Monday, October 4, 2010

Tsunami aka Death Spiral

I get the appeal of eliminating individual risks.
The Pension - the idea that too many individuals have too little competence to navigate the uncertainties of retirement planning and 'investing' and therefore, the responsibility for their livelihood, once they've become too infirm to support themselves by their own productivity, must be transferred to the government or to their employer.
It sounds great - but it isn't working.  At least, it isn't working for most folks that were employed by Delta Airlines, for example, and for the other giants of industry that will fall.  It isn't working for all the city and county and state employees who's individual benefits may be modest (or not, as some of the cases in the article describe), but who's obligation against their employer in total will be their employer's undoing (and in that case, no one wins).
It certainly isn't working for the taxpayers, who must face the vicisitudes of life on their own, while their productivity is extracted by the state to pay for those who used to work.
I don't think anything will change it until the death spiral begins in earnest.  Will the Federal, State or City governments enter the death spiral first?

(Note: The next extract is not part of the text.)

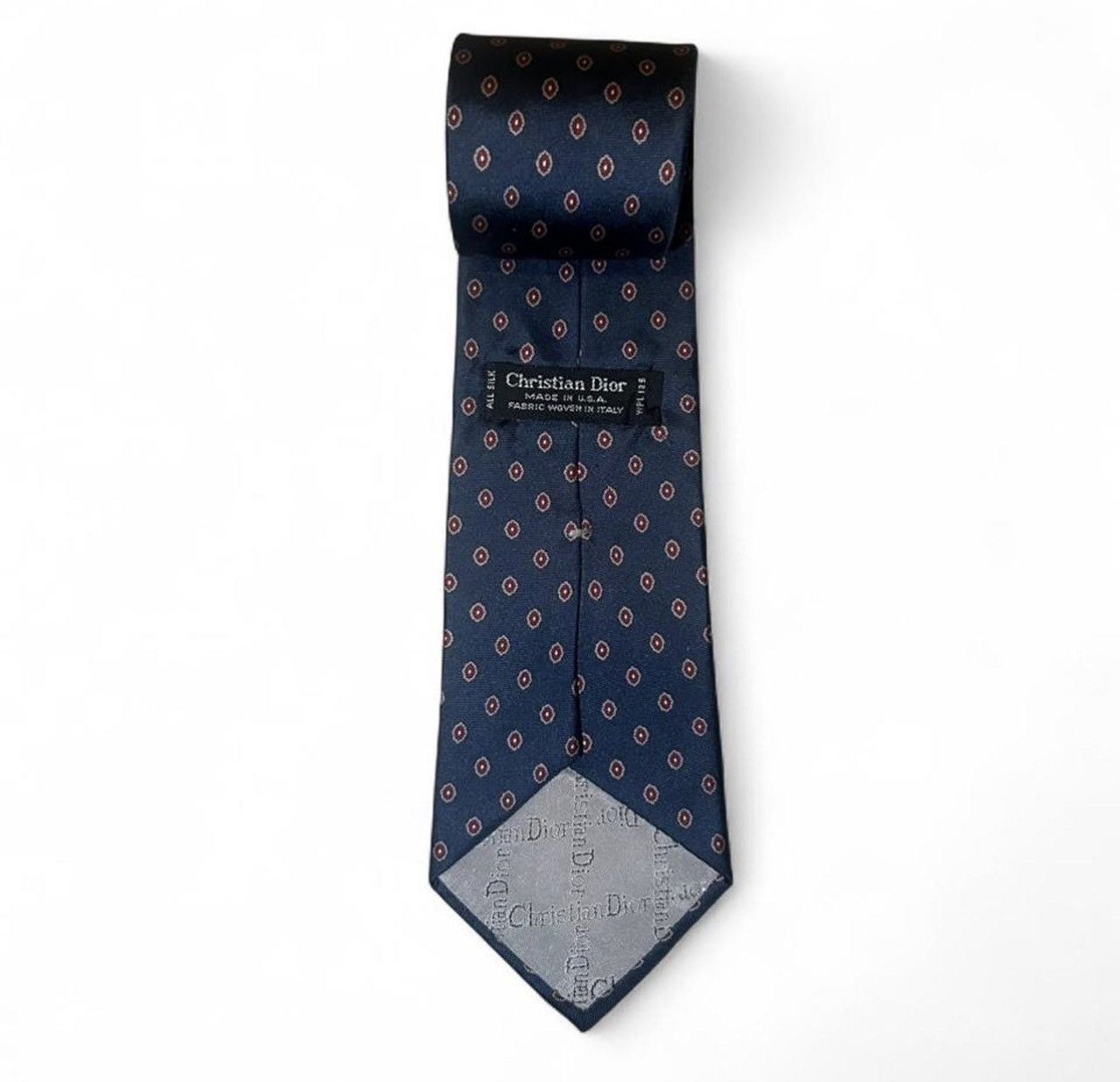 Dior 🔥Free Shipping Dior Tie🔥 Size ONE SIZE - 2 Thumbnail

"California once again leads the nation with a $26 billion budget deficit plus an unfunded pension obligation of $500 billion. Its current financial structure is clearly unsustainable. It has an operational structure that in ungovernable with often duplicative agencies, some collecting less in tax revenue than the agencies spend on collection. "

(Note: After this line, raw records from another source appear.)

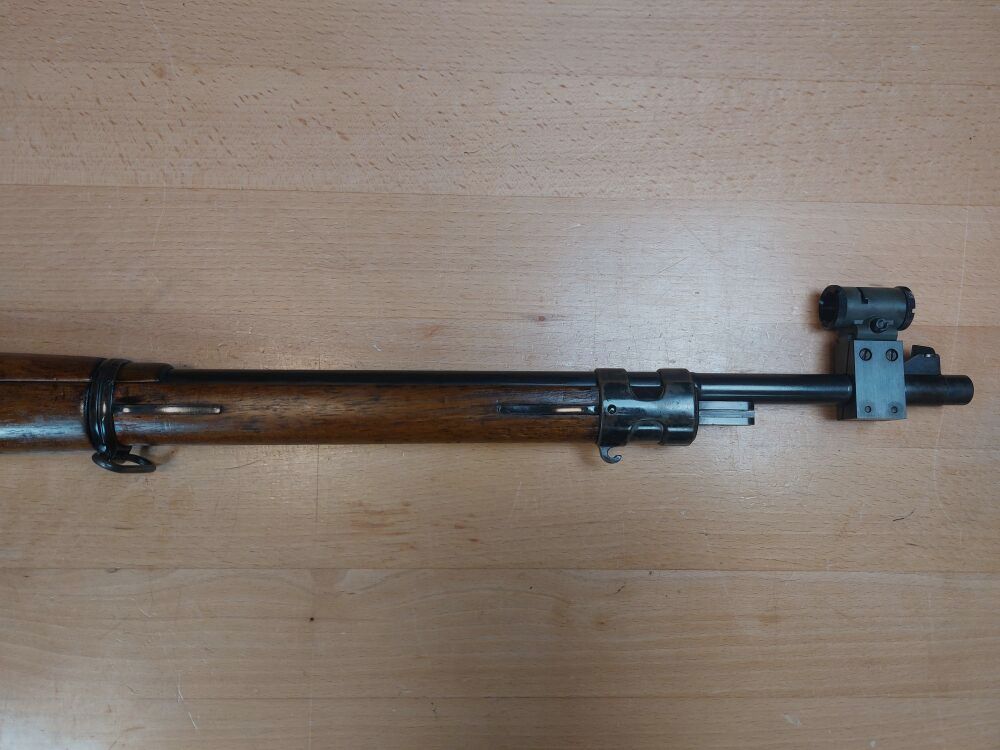 DWM Brazil Mauser 1910, image 8 of 10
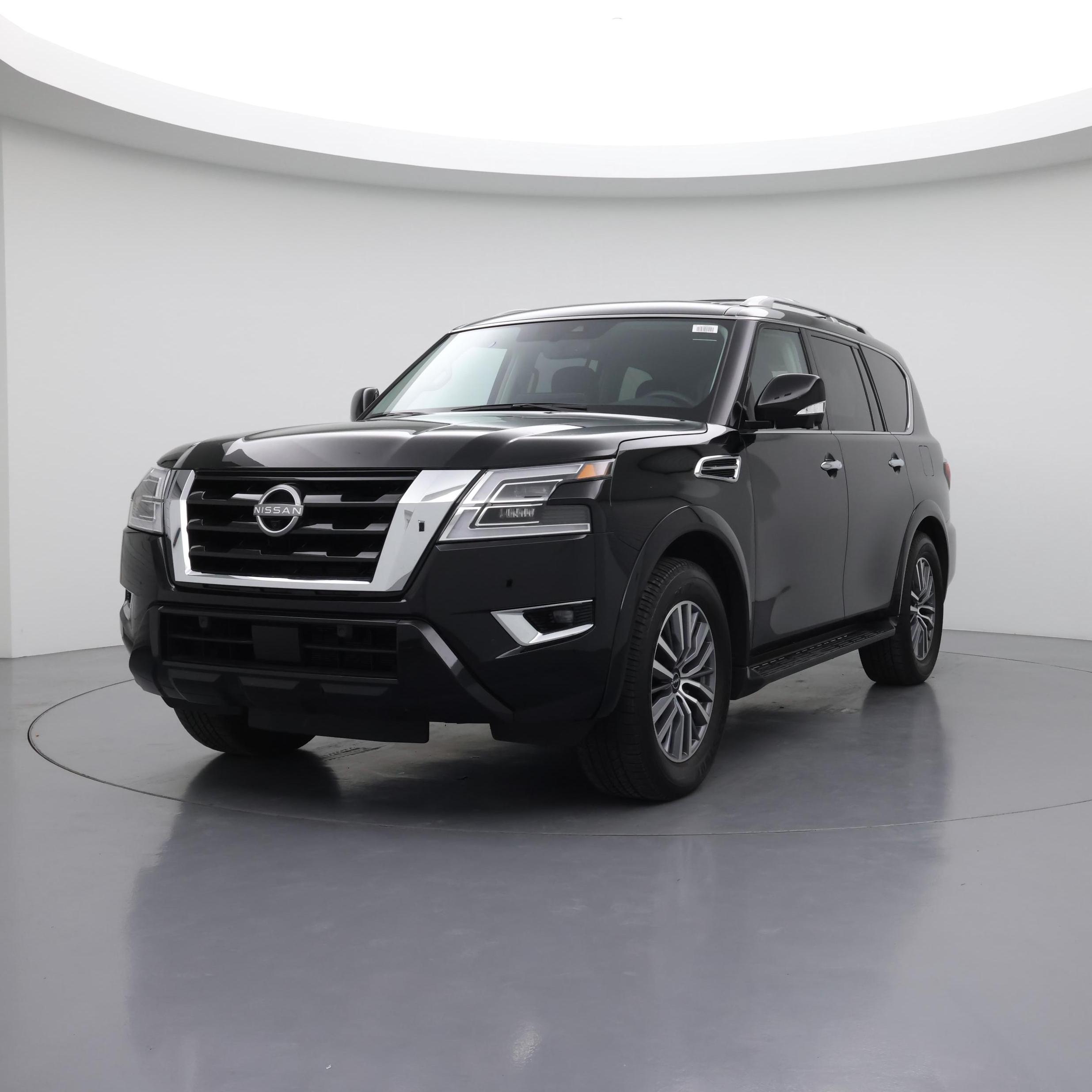 Thumbnail: 2024 Nissan Armada - 4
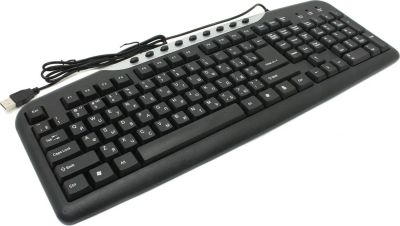 Лот: 8934965. Фото: 1. Клавиатура Defender HM-830 USB... Клавиатуры и мыши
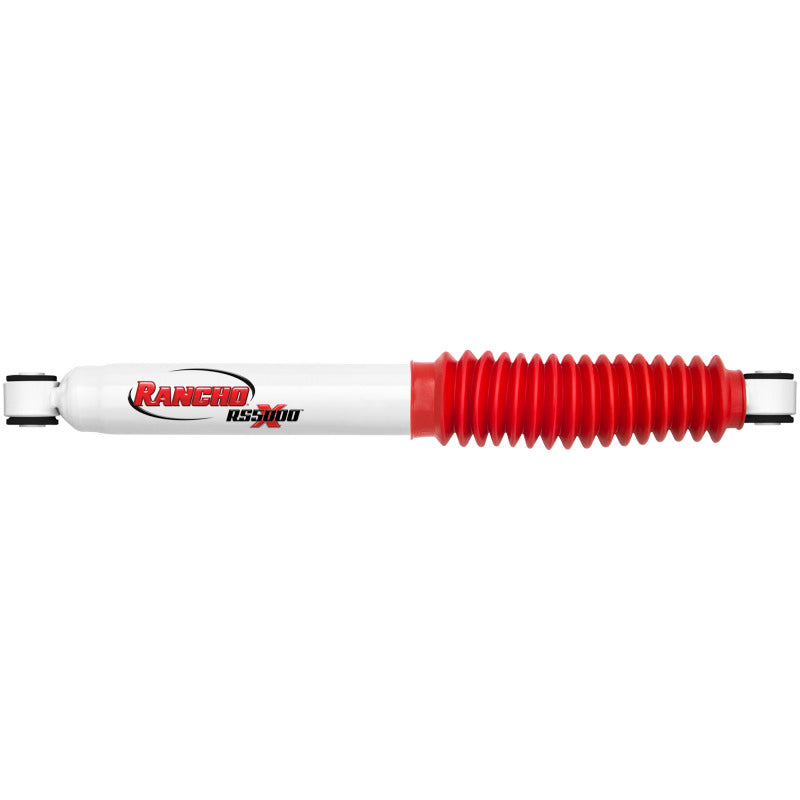 Rancho RS55262 - 07-13 Chevrolet Avalanche Rear RS5000X Shock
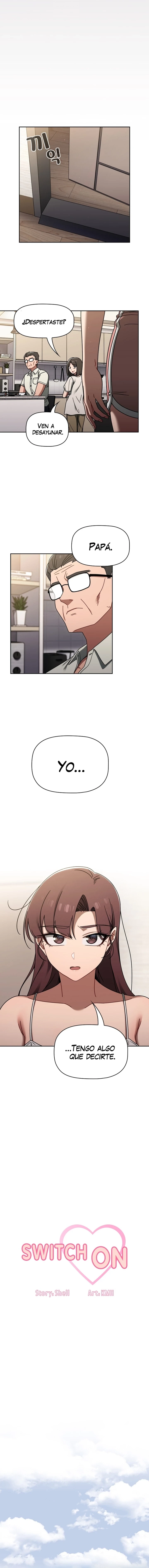 Encendida Capítulo 50 - Page 7
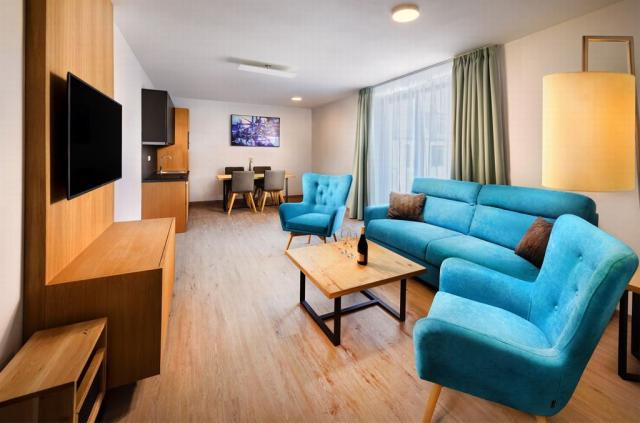 Resort Maladinovo, Liptovský Mikuláš, Slovensko: Dovolená s CK 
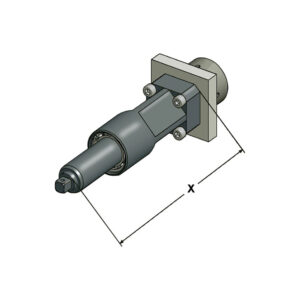 Cleco Floating Adaptor Including Flange Housing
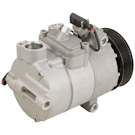 2017 Audi A4 A/C Compressor 2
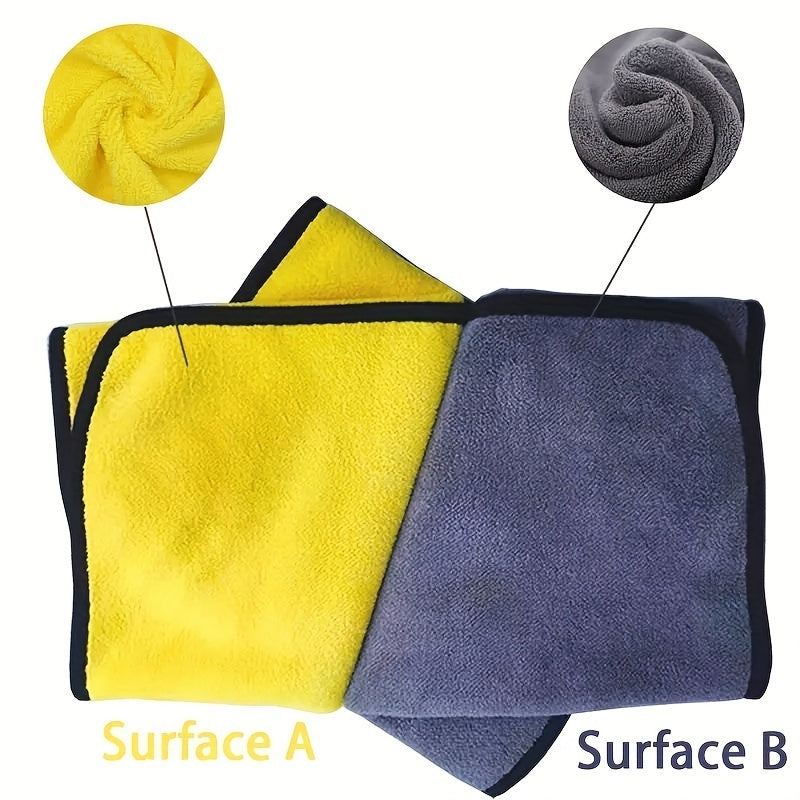 Quick-drying Pet Towels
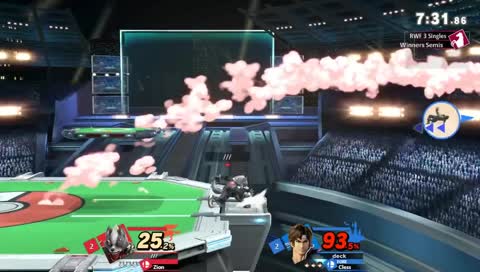 RWF #3 FT: Eon, Zion, FORT | Cless, Private Cookie, Aru, FeK Daze, MonChan, and more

"One Orange County city has already taken bold steps to correct its $10 million deficit. It may be a model for cities and states across the country. Internally, it has decided it will not replace any city worker that dies, retires, moves or quits. The city will simply out source the employment to an outside service company and eliminate healthcare requirements and unsustainable pensions. Building inspectors will be out sourced as will city plan checkers, librarians and meter maids. Only essential services like top executives and cops will remain on the city payroll. The city staff will eventually decrease from 220 to approximately 35 personnel. This is the essence of deconstruction."